Teen Dating Violence
by Dr. Dale V. Atkins, July 2009
Teenagers will experiment with different types of relationships. As parents of a teen, or as a teen yourself, it is important to know both myths and facts about dating violence. With guidance and support, teens can learn to choose healthy relationships, and leave unhealthy ones.
In dating violence, one partner tries to maintain power and control over the other through abuse. Dating violence crosses all racial, economic and social lines. Boys, as well as girls, can be victims, although most victims are young women, who are at greater risk for serious injury.
Dating violence is common and comes in many forms. Besides sexual violence, it includes verbal and physical abuse. Threats, put-downs, and being pushed around are common examples. Statistics show that one in three teenagers has experienced violence in a dating relationship.
Teen dating violence often is hidden because many teenagers don't tell their parents or friends about it. Typically, teens are inexperienced with dating relationships and may be pressured by peers to act violently or react submissively. In addition, they may confuse jealousy with love, and that violence is a demonstration of affection. They also hope that things will get better and that their behavior will help to their partner.
It is important that teenagers understand that they can choose better relationships. One positive step is to learn to identify the early warning signs of an abusive relationship, and believe that they deserve to be treated with respect. Signs of an abusive relationship include: refusing to take NO for an answer; acting jealous and possessive, controlling the partner's friends and activities; using threats or put-downs when alone or with friends; blaming the victim for what is wrong, or apologizing and giving excuses for violent behavior.

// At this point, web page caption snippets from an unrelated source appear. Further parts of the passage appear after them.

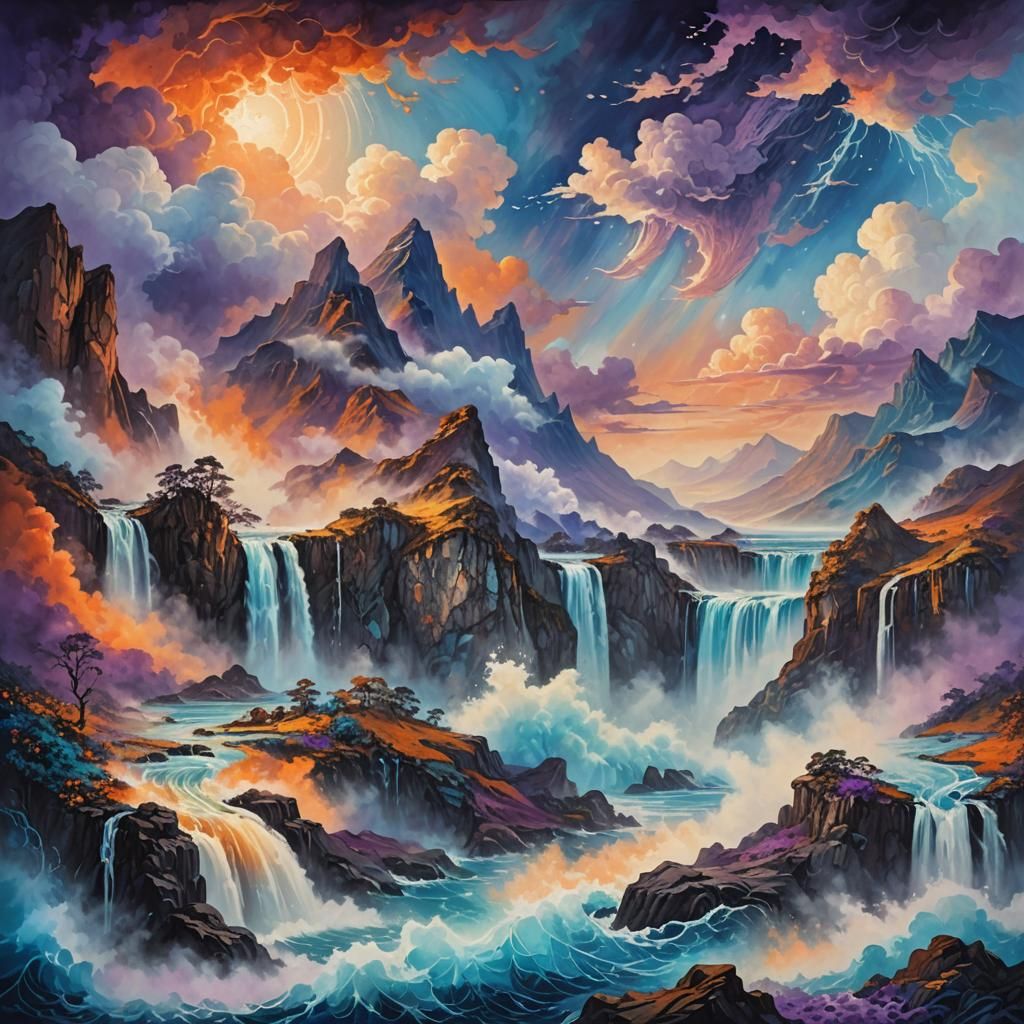 Surreal Floating Mountains Landscape in Dreamy Style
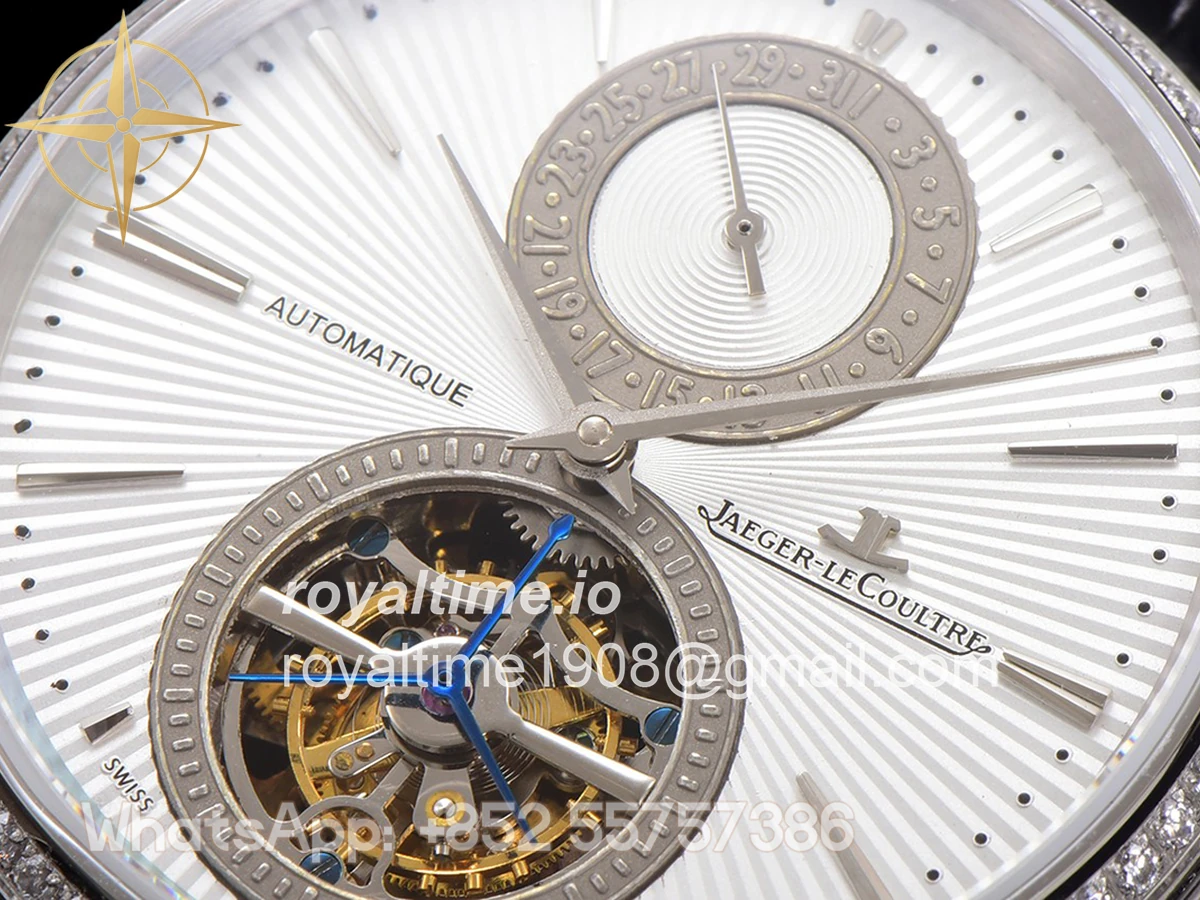 Jaeger-LeCoultre Master Ultra Thin Tourbillon White Dial with Diamond Bezel in White Gold - Image 5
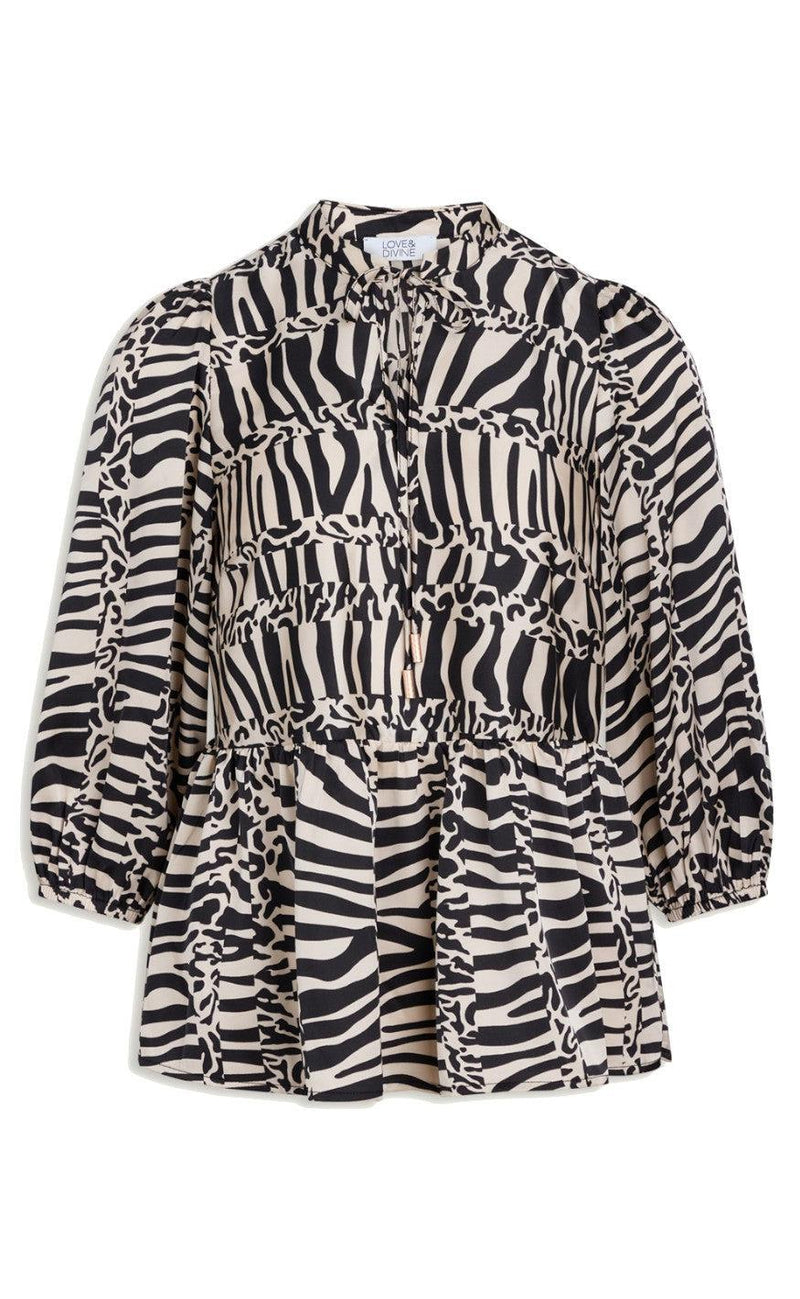 Love & Divine Bluse - Love916 - Graphic Zebra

Teenagers struggle with independence from their parents. Parents have the responsibility to talk about healthy dating relationships and possible problems. If the teen is not comfortable talking to the parent, find another trusted person for your child to talk to. Focus on your child's safety and self-esteem. Develop a safety plan and be ready to help.
As a teen, you need to remember that no one deserves to be abused or threatened. You cannot change this person, and in time the violence will get worse. You need to take care of yourself. For parents and teens, ask for teen dating violence prevention and intervention programs at schools or through other community groups. We owe it to our teens speak out, become involved and help them become their own advocates.